» Your goal: Output every line of the material exactly, omitting images.

» Collected material:
────────────────

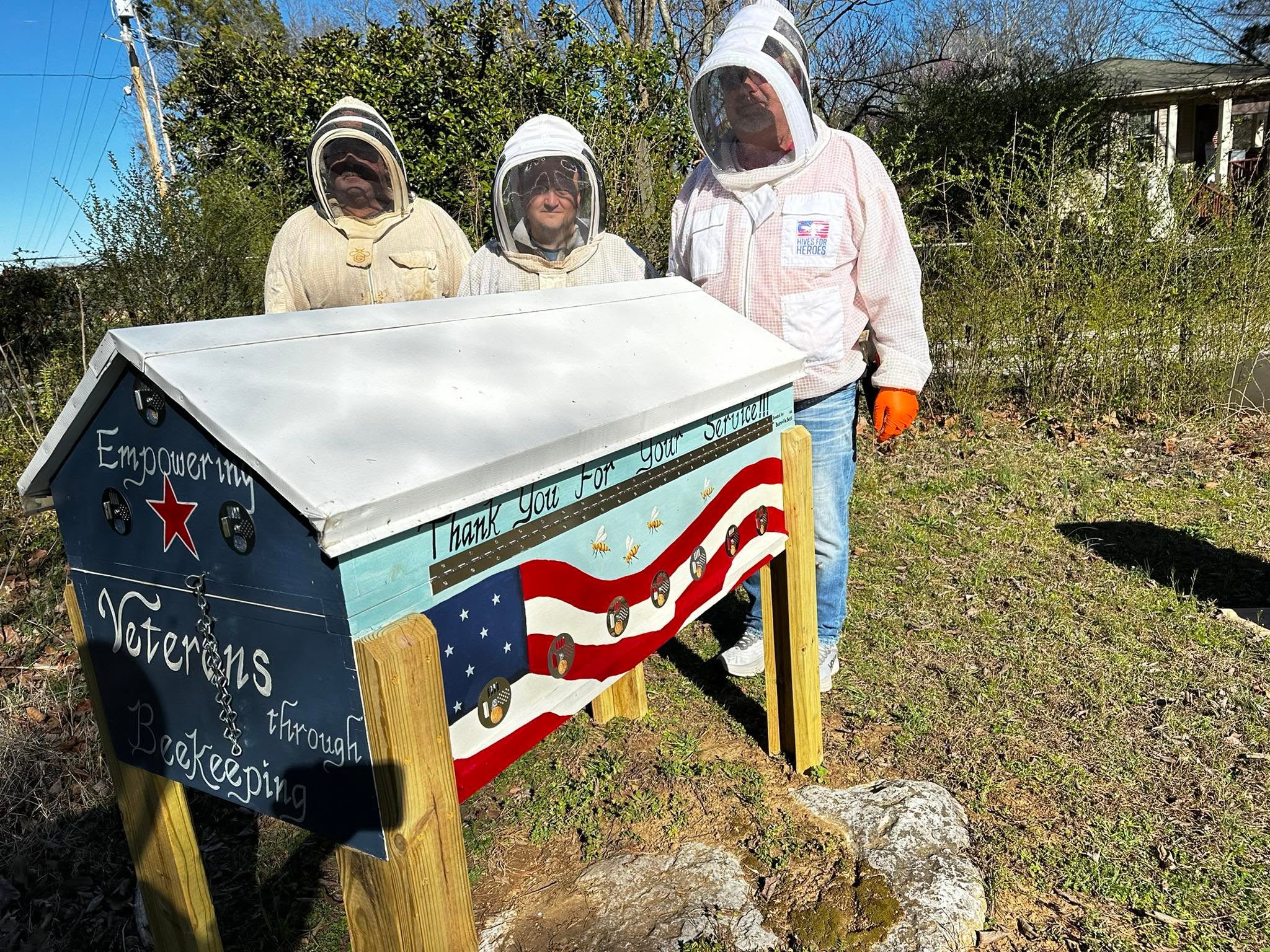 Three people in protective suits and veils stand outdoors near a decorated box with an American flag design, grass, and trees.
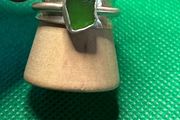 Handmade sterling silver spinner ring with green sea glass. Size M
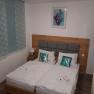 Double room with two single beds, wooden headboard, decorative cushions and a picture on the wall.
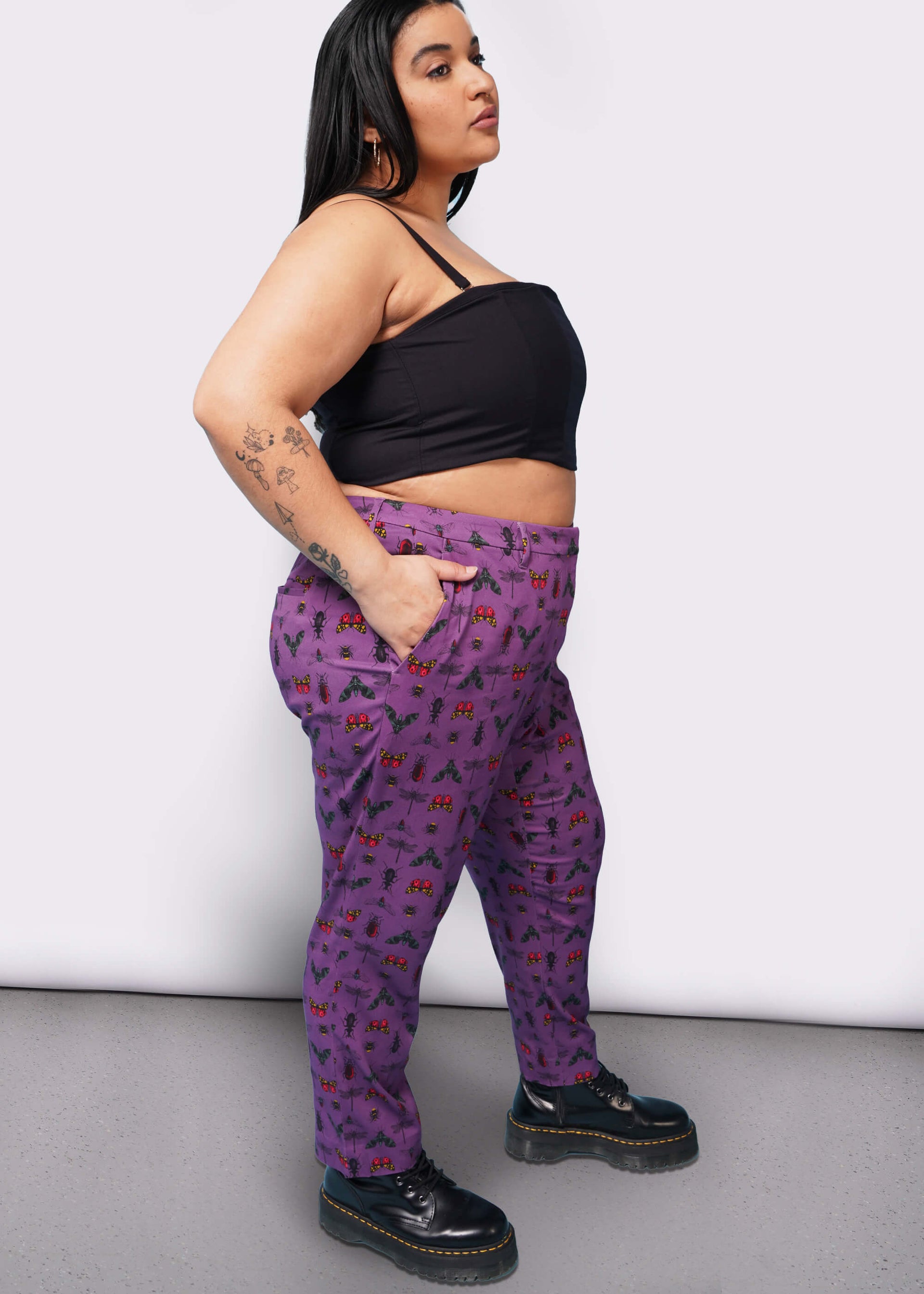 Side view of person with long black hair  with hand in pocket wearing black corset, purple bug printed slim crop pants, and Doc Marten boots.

────────────────

» Response to this exercise:
 Three people in protective suits and veils stand outdoors near a decorated box with an American flag design, grass, and trees.
 Handmade sterling silver spinner ring with green sea glass. Size M
 Double room with two single beds, wooden headboard, decorative cushions and a picture on the wall.
 Side view of person with long black hair  with hand in pocket wearing black corset, purple bug printed slim crop pants, and Doc Marten boots.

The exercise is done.